Al Horford: Latino In America

Al Horford: Latino in America
By Lauren Harper

In August 2007 and again last July, CNN aired a documentary special titled “Black in America,” presenting a look into the experiences of several African Americans across the country.

This past week, CNN revisited their series, this time, focusing on America’s Hispanic population. Among those profiled was Hawks center Al Horford, who was born and spent the first 14 years of his life in the Dominican Republic.

Before his official interview, Horford chatted with CNN reporters in his native Spanish, and then sat down with about his black and Latino heritage, the Dominican scene in Atlanta, and the perks of living with his mother.

How did it feel being asked to appear on “Latino in America”?

I was excited, I saw the documentary last year and I thought it was really interesting and being a part of this thing I felt pretty special. I thought [“Black in America”] was a great documentary. It went way back on different issues and topics that have been going on in the African American community and I think it was very successful.

Speaking of African Americans, what do you think when people assume you’re a black American?

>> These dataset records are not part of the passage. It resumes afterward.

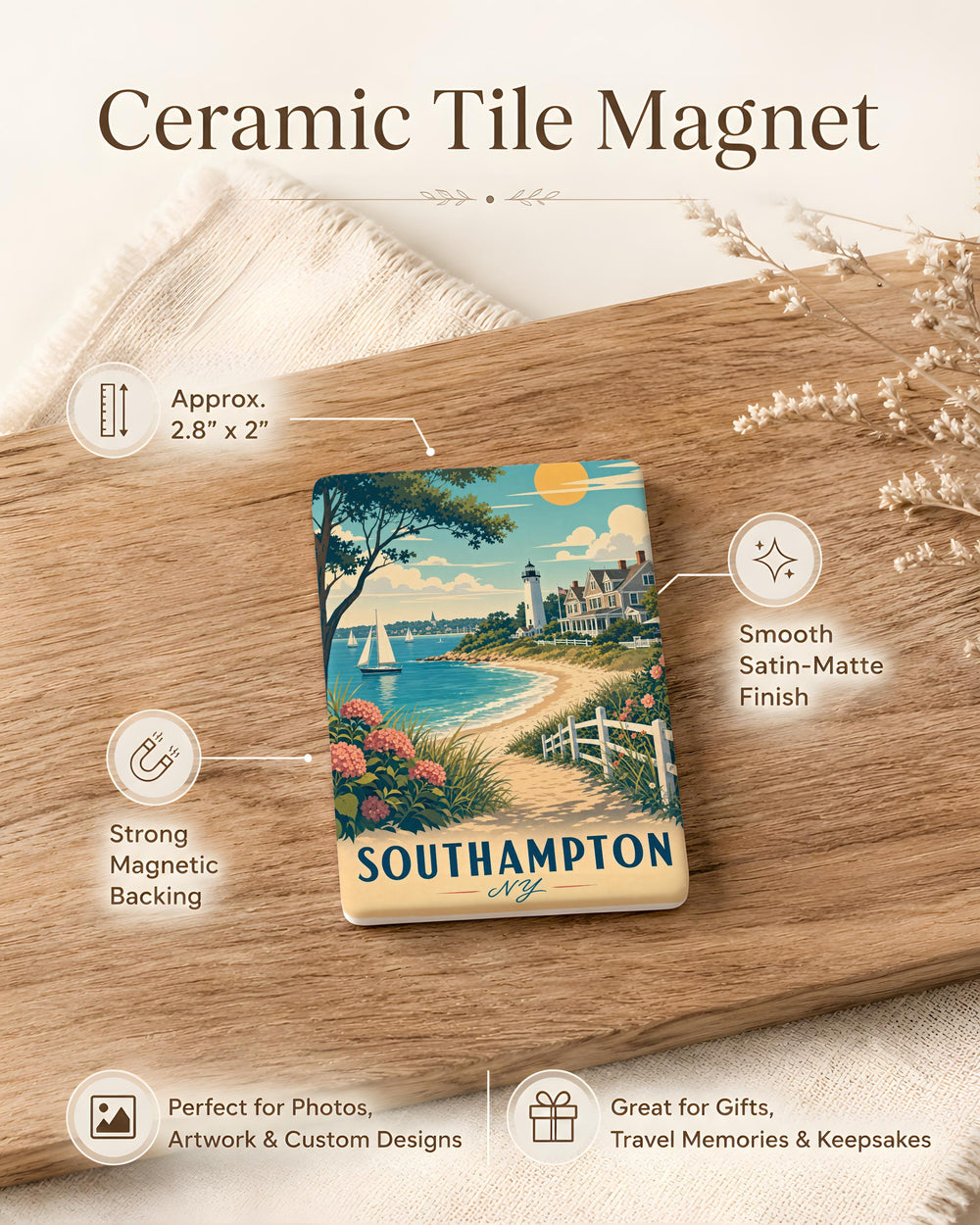 Southampton NY Fridge Magnet, Southampton New York Souvenir Magnet, Long Island Travel Keepsake Magnet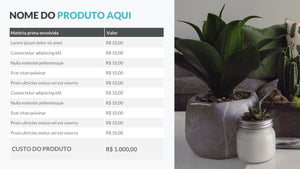 Apresentação de Precificação de Produtos em Powerpoint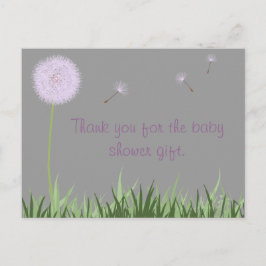 Postal Púrpura Dandelion Gracias Postcard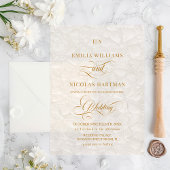 Invitations En Acrylique Monogramme romantique ivoire Mariage floral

It [doesn’t] really bother me because by my name and by the way that I look (gestures to his face), I mean, obviously it’s something you would assume naturally. But [I want to] show people that there’s more to being Hispanic than--a lot of people just stereotype it--the ‘Mexican’ look. There’s also white and there’s also black Hispanics; that’s what I come from. I tell [people] I’m Dominican. Obviously, I am black but the difference is that I’m Hispanic. I’m not American.

Your father, Tito Horford, was the first Dominican player to play in the NBA. Did you guys ever have conversations about that?

Not really, I think when you look at it, there’s very few Hispanics in the NBA, so it wasn’t even about being Latino, it was just about making it to the NBA because it’s just so hard to make it, period. So you feel special about it.

Do you do anything specifically to express your Latino pride?

Usually I try to represent my community and my culture the best that I can, but I go about every day just trying to represent my family. I’m just trying to make a difference out in the world. I don’t even look at, necessarily, just the Latin community, I’m looking at everything in general.

Do you ever get to visit the Dominican Republic?

I do, I do! I get to go back every summer, I go as much as I can. I still have a lot of family there so it’s always nice to go back home. (And) I have them come visit me! I have them come visit me any chance I get, any chance I’m here it always seems that I have somebody in my house, some family or friend of mine from middle school, just keeping that connection.

Is there a strong Latino presence here in Atlanta?

There is! There’s a nice community here, restaurants I usually check out when I get some time, there’s Cuban restaurants and a couple of Dominican restaurants that I go to. Fortunately for me, I have my mom here, so she can take care of me as far as the food goes!